But the old and rather archaic nature of this cry in no way weakens its
emotional power. What Proudhon expresses in these few words, which he
would then constantly theorise, is that through the property
relationship, a particular social relation is called into question and
that, as Jean-Jacques Rousseau had already expressed, the social
relationship necessarily became a relationship of force. Can this
relationship of force be overcome, or must we come up with economic,
political and ideological compromises? This question would constantly be
revisited over the twenty-five years of thought between the First Memoir
and The Political Capacity of the Working Classes.
Proudhon’s originality in the social movement of the mid-19th century on
this point is to increase outrage against property without, however,
providing a simple solution to it. While liberals and conservatives see
appropriation either as an incidental or wholly beneficial phenomenon,
and the communists see it as a temporary evil that a revolution can
erase, Proudhon maintains that it is socially illegitimate, a source of
destructive contradictions, but nevertheless that there is no
eschatological solution to this torment. He fights against liberals who
hide the violence and suffering linked to property, but he also fights
against the supporters of “community”,[7] whose dangerous illusions he
condemns. He even defends Roman possession and glorifies peasants’

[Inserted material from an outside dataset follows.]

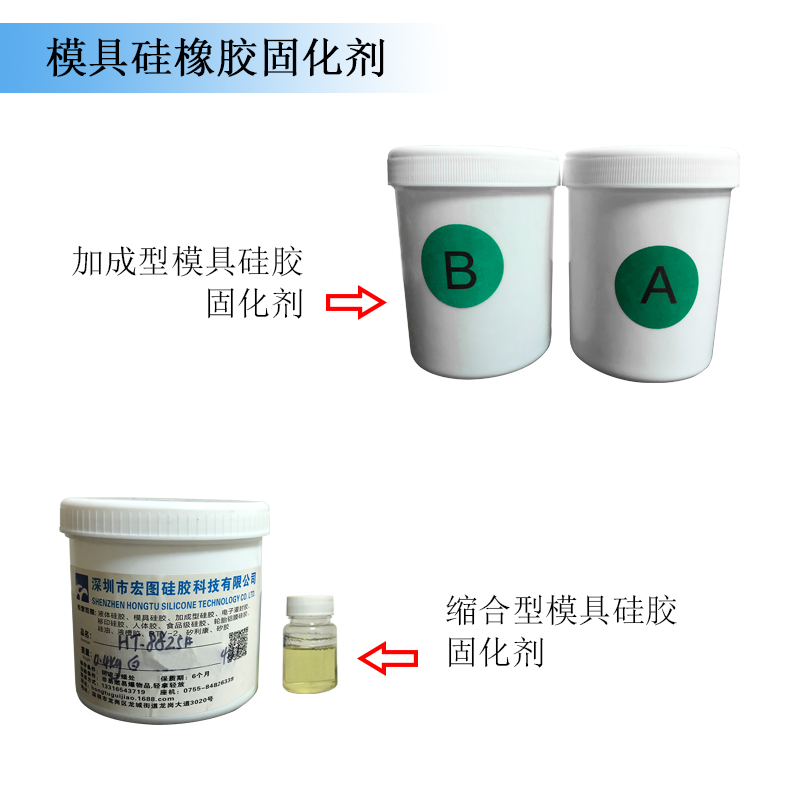 液態(tài)硅膠產(chǎn)品如何快速凝固？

physical ties to the land, which they cultivate better and with greater
enjoyment when they own it.
There is thus an apparent intellectual contradiction, but the
contradiction is based in fact. It is an economic contradiction, since
property allows the healthy accumulation of capital but also causes
worker subordination and poverty; a social contradiction, since property
divides capital and labour and provokes “war” between the two; and a
psychological contradiction between the enjoyment of the possessors and
the suffering of the dispossessed. But paradoxically, Proudhon’s
attitude is in no way one of resignation. He does not believe that a
political revolution could ever resolve permanent problems whose
complexity is a condition of economic functioning, but nevertheless he
does not stop seeking realistic means to calm the suffering caused by
appropriation without destroying its dynamism, whether through immediate
measures such as the Bank of the People in 1849 or through highly
elaborate measures such as Federalism in 1863.

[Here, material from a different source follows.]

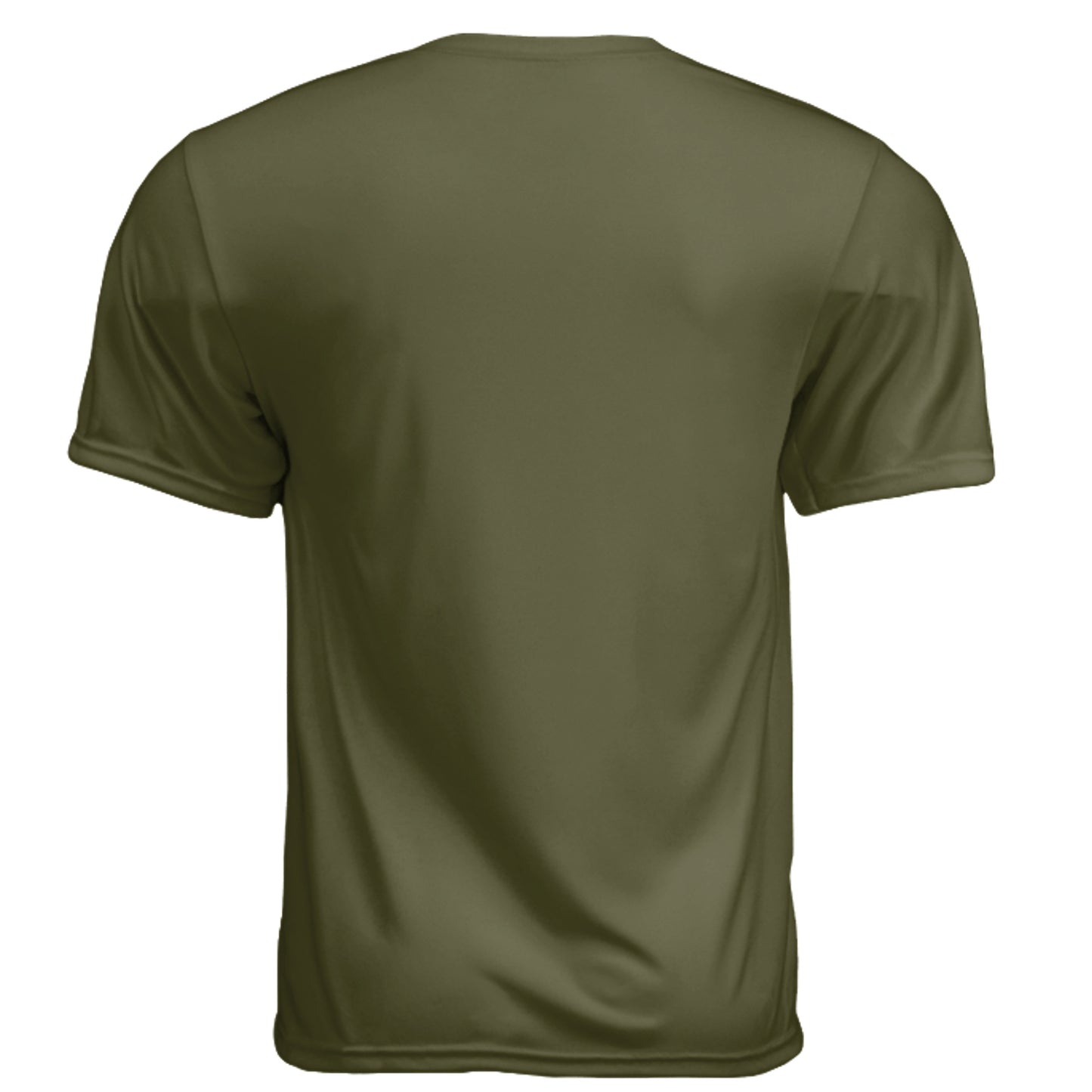 MILITARY GREEN - N3142 - BACK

Citizens are encouraged to face up to the suffering resulting from
property, appreciate its fatal nature, and called not to resign
themselves to it but to participate in balances and exchanges in order
to circumvent its injustices. Is this peculiar mix of anger and
realistic hope so distant from a certain current sensibility?
Proudhon’s second passion may be even closer to a certain current
sensibility, and is why he is regarded as the “father of anarchism”: his
denunciation of political alienation. It was during the period of the
1848 Revolution, when the hope for establishing a whole new society was
asserted, that Proudhon most vigorously expressed his denunciation of
the State, particularly in General Idea of the Revolution in the
Nineteenth Century (1851), but this critique had been outlined ever
since his earliest writings. His later writings, though more moderate on
this point, continue to denounce state centralisation.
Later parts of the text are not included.